At each level stimulation is performed using 5 Hz. and 100 Hz. frequencies. Motor evaluation to check for weakness, dysarthria and fasciculation’s in tongue is performed at 5 Hz. Sensory evaluations is performed at 100Hz. frequency. During sensory stimulation there is arrest of tremor. The sensory stimulation also guides the laterality of the electrode placement. The topography of the Vim nucleus is corresponding to that of the sensory thalamic nucleus located posterior to it.

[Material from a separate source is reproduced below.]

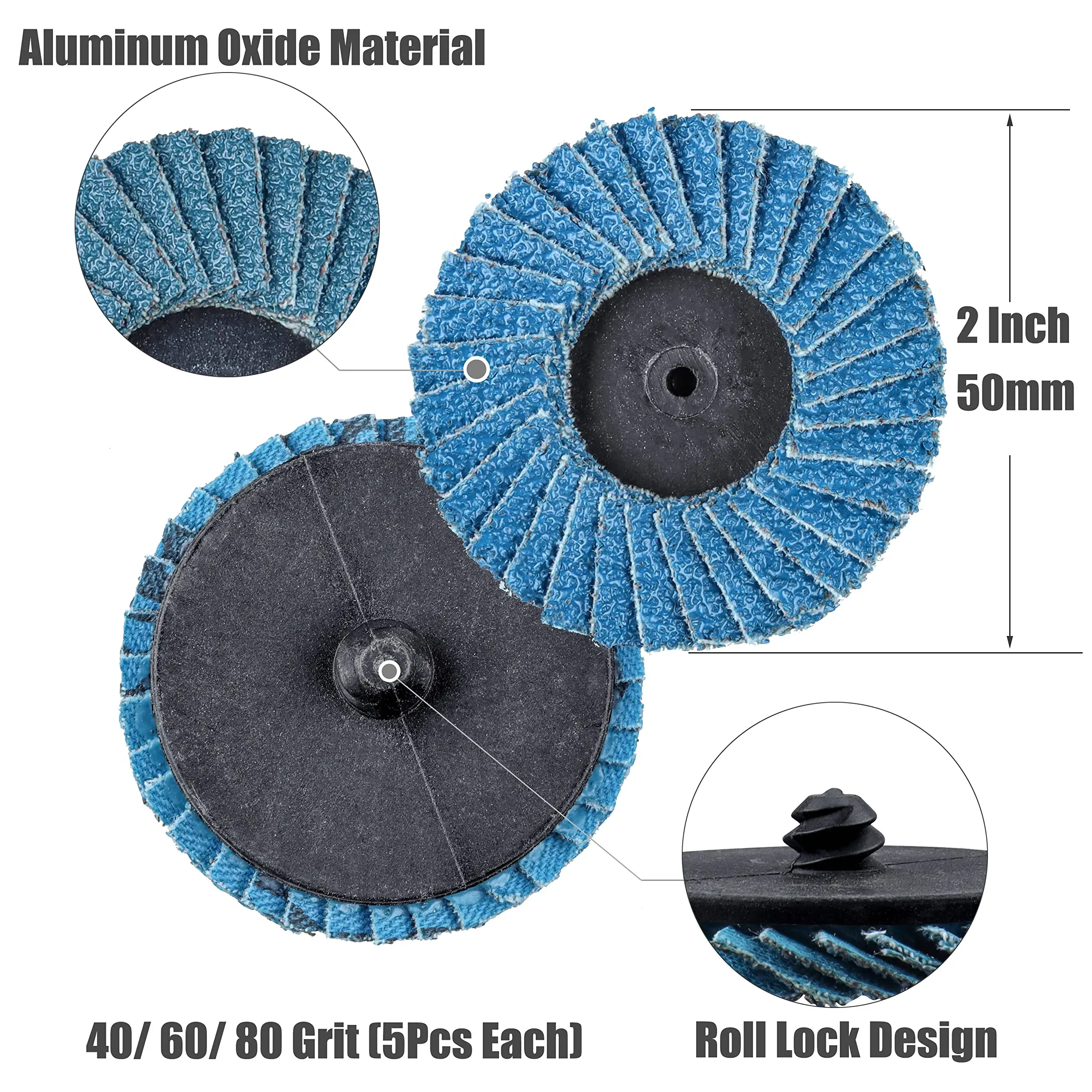 2 Inch Roll Lock Flap Discs 16 Pcs 40 60 80 Grit Abrasive Grinder Wheels with 1/4" Shank Sanding Disc Pad Holder for Wood Metal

The exploration of the final target is continued until one obtains complete arrest of tremors without any side effects. Initially a test lesion of 42 C for 60 seconds is made at this point, and if there is no deficits than a final lesion of 70C for 60 seconds is made. It is important to note that the lesion should not go beyond the AC-PC plane. Thalamic stimulation is performed using similar technique. The advantage of stimulation over lesioning is that it can be performed bilaterally or it can also be offered to a patient with contralateral thalamotomy. It is a useful alternative to thalamotomy in elderly patients.

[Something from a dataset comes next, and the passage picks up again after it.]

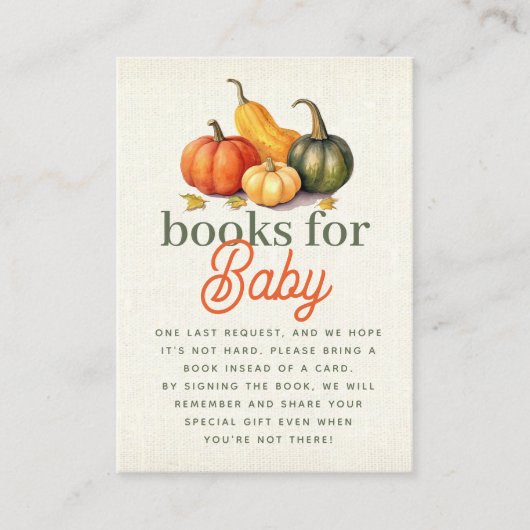 Oh, meine kleinen Kürbisbuchen für Baby Begleitkarte (Vorderseite)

The morbidity and mortality of thalamic stimulation is less than that of thalamotomy. The side effects are minimal. There are four contact points and innumerable programmable parameters available for programming the electrode. This offers greater flexibility over lesioning in achieving complete tremor control. However, we do not see a role of bilateral thalamic stimulation for PD treatment, as better surgical targets are available. Following the surgery the patient is observed in intensive care unit for 24 hours. In case of thalamic stimulation the IPG (Implantable pulse generator) is implanted on the next day and the programming of the electrode is commenced the day after. The usual hospital stay for thalamotomy is four days, whereas that for the thalamic stimulation is 10 days.

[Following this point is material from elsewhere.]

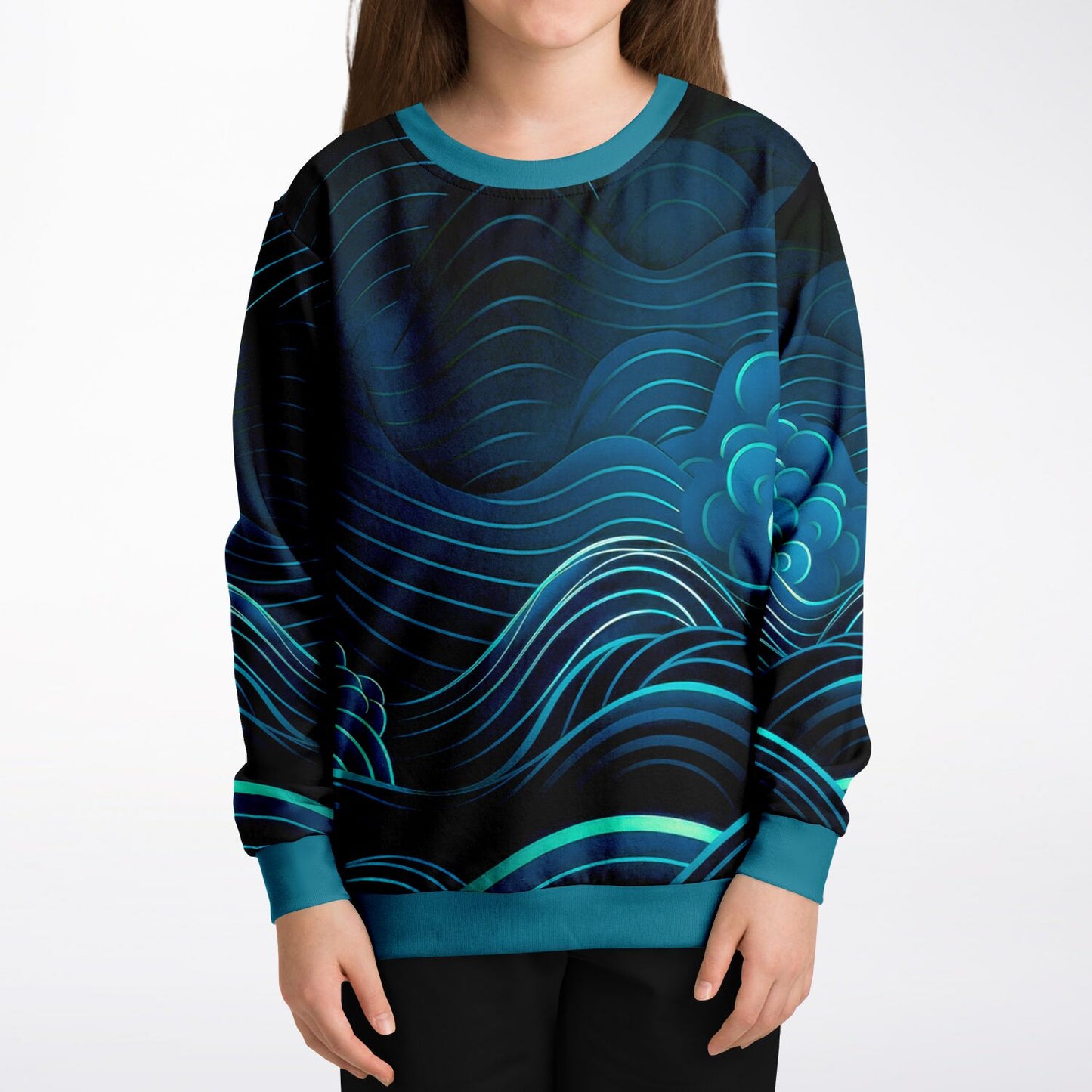 Waves Kids Sweatshirt - blue-green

Untoward side effects resulting from a physiologically guided selective Vim thalamotomy are minimal. The most common complications of thalamotomy are pyramidal weakness, dysesthesia, cognitive and speech deficits. The cognitive and speech deficits are more commonly seen in left sided and bilateral thalamotomy. Due to increased incidence of morbidity, bilateral thalamotomy is not performed any more. The risk of intracerebral haemorrhage and infection is less than one per cent.